Arrhythmias, elicited by catecholamines and serotonin, vanish in human chronic atrial fibrillation
2014
Abstract Atrial fibrillation (AF) is the most common heart rhythm disorder. Transient postoperative AF can be elicited by high sympathetic nervous system activity. Catecholamines and serotonin cause arrhythmias in atrial trabeculae from patients with sinus rhythm (SR), but whether these arrhythmias occur in patients with chronic AF is unknown. We compared the incidence of arrhythmic contractions caused by norepinephrine, epinephrine, serotonin, and forskolin in atrial trabeculae from patients with SR and patients with AF. In the patients with AF, arrhythmias were markedly reduced for the agonists and abolished for forskolin, whereas maximum inotropic responses were markedly blunted only for serotonin.

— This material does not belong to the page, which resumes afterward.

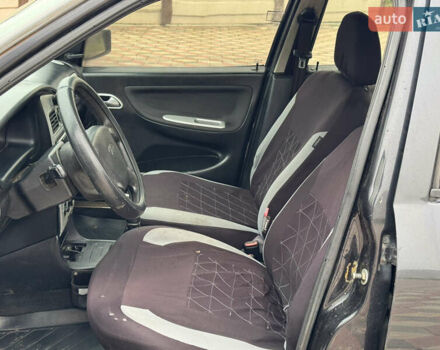 Чорний Чері Амулет, об'ємом двигуна 1.6 л та пробігом 182 тис. км за 1400 $, фото 12 на Automoto.ua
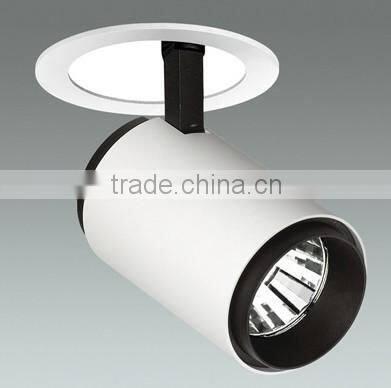 dimmable led recessed light,9w led bathroom light fixtures by wei jia lighting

Serotonin and forskolin produced spontaneous diastolic Ca2+ releases in atrial myocytes from the patients with SR that were abolished or reduced in myocytes from the patients with AF. For matching L-type Ca2+-current (ICa,L) responses, serotonin required and produced ∼100-fold less cAMP/PKA at the Ca2+ channel domain compared with the catecholamines and forskolin. Norepinephrine-evoked ICa,L responses were decreased by inhibition of Ca2+/calmodulin-dependent kinase II (CaMKII) in myocytes from patients with SR, but not in those from patients with AF. Agonist-evoked phosphorylation by CaMKII at phospholamban (Thr-17), but not of ryanodine2 (Ser-2814), was reduced in trabeculae from patients with AF. The decreased CaMKII activity may contribute to the blunting of agonist-evoked arrhythmias in the atrial myocardium of patients with AF.